When metal 'M' is treated with NaOH , a while gelatinous precipitate 'X' is obtained, which is soluble in excess of NaOH. Compound 'X'  when heated strongly gives an oxide which is used in chromatography as an adsorbent. The metal 'M' is

Answer:

Explanation:

Among the given metals Al forms white gelatinous ppt. with NaOH . Hence , the probable metal can be Al. This ppt. is dissolved in excess of NaOH due to the formation of sodium metal Aluminate . Both the reactions are shown below,

$Al^{3+}$          $\underrightarrow{NaOH}$      $Al(OH)_{3+}\underrightarrow{ excess -of-NaOH}$         $NaAlO_{2}$

Aluminum hydroxide on strong heating gives alumina (Al₂O₃) which is used as an adsorbent in chromatography.

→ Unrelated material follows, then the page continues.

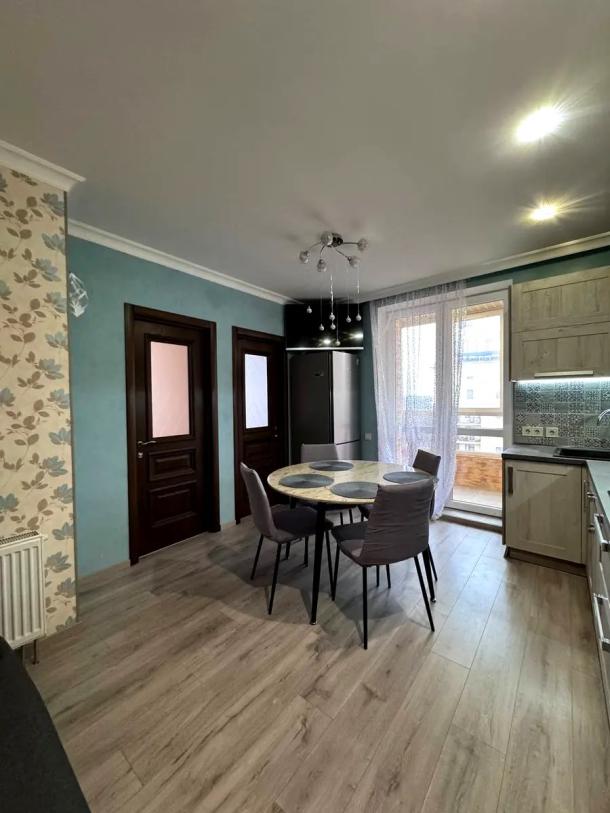 квартира, 3-кімн., Харьков, Павлово Поле, Профессорская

This reaction can be seen as :

 $2Al(OH)_{3}$        $\underrightarrow{\triangle}$          $Al_{2}O_{3}+3H_{2}O $

Thus, metal M is Al

Ca  being below sodium in electrochemical reactivity series, cannot displace Na from its aqueous solution.

Zn reacts with NaOH to form sodium zincate which is a soluble compound.

Fe  reacts with sodium hydroxide to form tetrahydroferrate (II) sodium which is again a soluble complex.